The limitations of the carrying capacity of an elevator are now well understood, and the safety of operatives in high loft buildings and of tenants in loftier “tower” office buildings, demands that the parsimony of owners and the ignorance of architects should not be allowed to restrict the exit of occupants of such buildings. A second elevator, in the Triangle fire disaster, would not only have saved its capacity in human occupants, but would have averted the fatal overcrowding of the single car which rendered it practically of no avail.

Many loft buildings of twelve stories and some even exceeding twenty stories are in existence in which the elevator accommodation is utterly inadequate for the removal of occupants of upper floors in a reasonable time, in case of emergency. The effectiveness of exterior “fire escapes” and of crooked interior stairways, especially for great heights, is now known to be strictly within certain limitations, and elevators have on many occasions demonstrated their value in the saving of life in panic and fire.

Office buildings are constructed thirty and more stories in height, without fire escapes and with winding stairways which are useless in emergency, and with such limited elevator capacity as would not remove the tenants in less than thirty minutes.

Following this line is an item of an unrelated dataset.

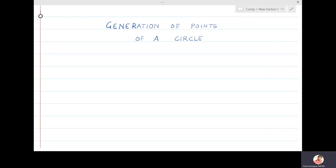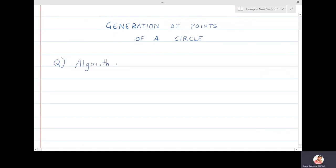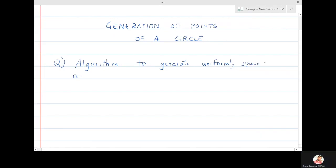In this lecture we are going to study about generation of points on a circle. These will be uniformly spaced points. We will derive the algorithm of how to generate uniformly spaced n points on a circle, which we call the iterative method or algorithm.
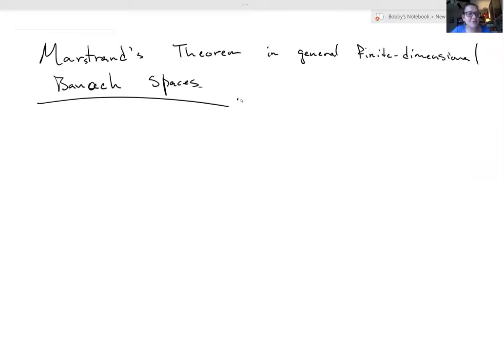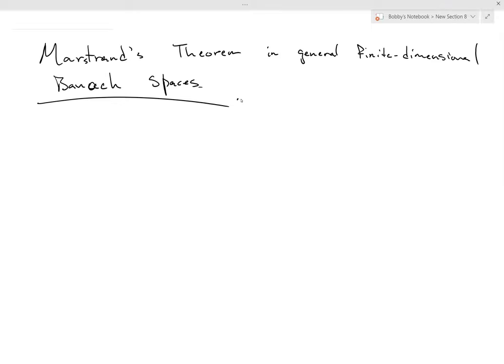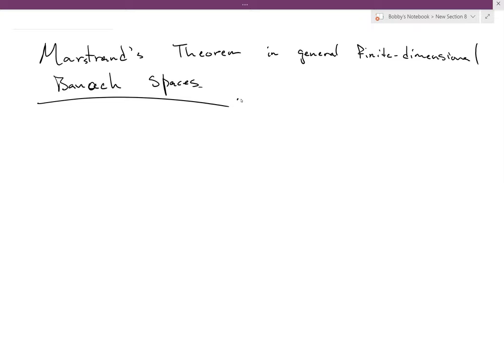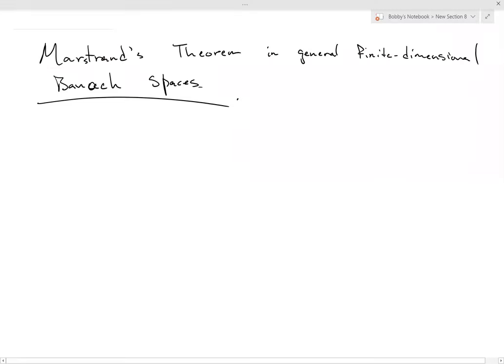It is my pleasure to introduce Bobby Wilson, who will talk today about Banach spaces. Thanks, Irina, and thanks for having me. I'm happy you all had me today, even though you had to wait a little bit.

A most important and desirable subject for general action is afforded by provisions for safeguarding elevator gates and doorways. In and about these orifices, as previously observed, a large proportion of unnecessary accidents and fatalities occur. The unlatched door, the open gate, the absence of inner gates, the projecting sill, and the slippery tread, are fruitful causes of deplorable injuries and have caused the unnecessary loss of many precious lives. The proportion which this class of occurrence bears to the total is evidently large. An analysis of a list of four thousand accidental occurrences shows the following proportions:

Per cent.
Getting on or off cars58
Falling through unguarded openings20
Fractures and fall of cars, only17
Mechanics making repairs in shafts, etc4
Unexplained1

A number of devices have been developed during recent years, which have overcome objections to their use in the past, whereby the gates of elevators must be securely locked and fastened before the car can be moved. Six of such devices are approved for use in the State of Pennsylvania. It would seem that so simple a feature eliminating the essential danger surrounding the operation of a car moving vertically between floors in a shaft would long ago have been demanded by every form of authority.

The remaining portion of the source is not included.